Normally, as you move through these steps, you will find yourself jumping between different software stacks. Step 1 requires a lot of web scraping. Web scraping is a very common problem, and there are tools in almost every programming language to scrape the Web (if you are already using Python, you would probably choose Beautiful Soup or Scrapy). Steps 2 and 3 involve solving a machine learning problem and require the use of sophisticated mathematical languages or frameworks, such as Weka or MATLAB, which are only a few of the vast variety of tools that provide machine learning functionality. Similarly, step 4 can be implemented in many ways using many different tools. There isn't one right answer. Since this is a problem that has been amply studied and solved (to a reasonable extent) by a lot of scientists and software developers, getting a working solution would not be difficult. However, there are issues, such as stability and scalability, that might severely restrict your choice of programming languages, web frameworks, or machine learning algorithms in each step of the problem. This is where Python wins over most other programming languages. All the preceding steps (and more) can be accomplished with only Python and a few third-party Python libraries. This flexibility and ease of developing software in Python is precisely what makes it a comfortable host for a scientific computing ecosystem. A very interesting interpretation of Python's prowess as a mature application development language can be found in Python Data Analysis, Ivan Idris, Packt Publishing. Precisely, Python is a language that is used for rapid prototyping, and it is also used to build production-quality software because of the vast scientific ecosystem it has acquired over time. The cornerstone of this ecosystem is NumPy.

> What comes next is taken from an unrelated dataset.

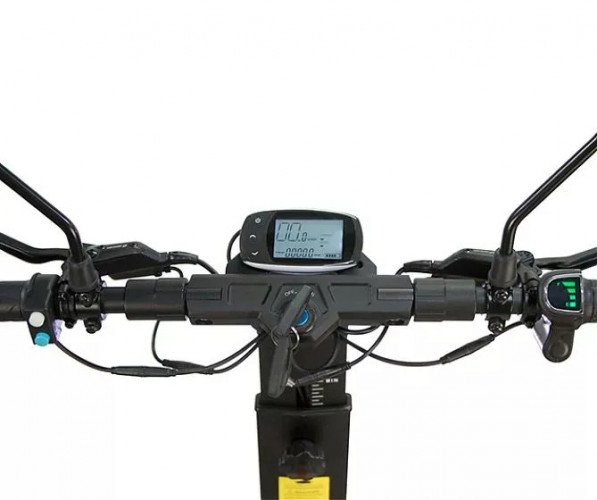 Электросамокат VeloCifero MAD 810 в Магнитогорске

Numerical Python (NumPy) is a successor to the Numeric package. It was originally written by Travis Oliphant to be the foundation of a scientific computing environment in Python. It branched off from the much wider SciPy module in early 2005 and had its first stable release in mid-2006. Since then, it has enjoyed growing popularity among Pythonists who work in the mathematics, science, and engineering fields. The goal of this book is to make you conversant enough with NumPy so that you're able to use it and can build complex scientific applications with it.

The scientific Python stack


Let's begin by taking a brief tour of the Scientific Python (SciPy) stack.

Note

Note that SciPy can mean a number of things: the Python module named scipy (http://www.scipy.org/scipylib), the entire SciPy stack (http://www.scipy.org/about.html), or any of the three conferences on scientific Python that take place all over the world.

Figure 1: The SciPy stack, standard, and extended libraries

Fernando Perez, the primary author of IPython, said in his keynote at PyCon, Canada 2012:

"Computing in science has evolved not only because software has evolved, but also because we, as scientists, are doing much more than just floating point arithmetic."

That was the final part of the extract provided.